And there you have it, an AKS cluster deployed with the control plane on a private IP address, time to crack that tinny for a job well done…But remember that private DNS thing I skimmed over, well there is some considerations to that. 168.63.129.16 is the Azure DNS and it’s really important in this scenario, especially if you want on-premises devices to be able to connect. Microsoft do a very good job of explaining this here, but the quick summary is to make sure you have your on-premises DNS server forwarding resolution to Azure DNS, as it knows about the private zones which lets you stop external resolution being attempted and failing. Point 3 is key, as lets be honest you’ll normally have at least a DC in Azure with custom DNS configured on the VNET:

1. By default, when a private cluster is provisioned, a private endpoint (1) and a private DNS zone (2) are created in the cluster managed resource group.
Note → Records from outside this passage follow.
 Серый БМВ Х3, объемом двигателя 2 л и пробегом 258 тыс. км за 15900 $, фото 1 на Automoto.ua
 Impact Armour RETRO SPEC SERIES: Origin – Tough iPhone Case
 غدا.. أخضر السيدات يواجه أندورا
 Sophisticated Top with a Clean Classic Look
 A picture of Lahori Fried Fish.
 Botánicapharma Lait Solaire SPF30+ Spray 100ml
The cluster uses an A record in the private zone to resolve the IP of the private endpoint for communication to the API server.
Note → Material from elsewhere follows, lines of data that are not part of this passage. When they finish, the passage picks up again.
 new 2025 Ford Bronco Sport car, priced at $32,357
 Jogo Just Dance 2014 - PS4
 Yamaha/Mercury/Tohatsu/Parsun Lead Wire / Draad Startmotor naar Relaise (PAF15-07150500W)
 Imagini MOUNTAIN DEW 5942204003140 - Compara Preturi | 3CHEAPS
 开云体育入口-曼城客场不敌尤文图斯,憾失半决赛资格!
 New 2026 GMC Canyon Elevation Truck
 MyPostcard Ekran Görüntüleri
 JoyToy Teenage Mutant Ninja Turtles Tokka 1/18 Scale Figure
2. The private DNS zone is linked only to the VNet that the cluster nodes are attached to (3). This means that the private endpoint can only be resolved by hosts in that linked VNet. In scenarios where no custom DNS is configured on the VNet (default), this works without issue as hosts point at 168.63.129.16 for DNS which can resolve records in the private DNS zone because of the link.
3. In scenarios where the VNet containing your cluster has custom DNS settings (4), cluster deployment fails unless the private DNS zone is linked to the VNet that contains the custom DNS resolvers (5). This link can be created manually after the private zone is created during cluster provisioning or via automation upon detection of creation of the zone using event-based deployment mechanisms (for example, Azure Event Grid and Azure Functions).

Now did someone mention a tinny?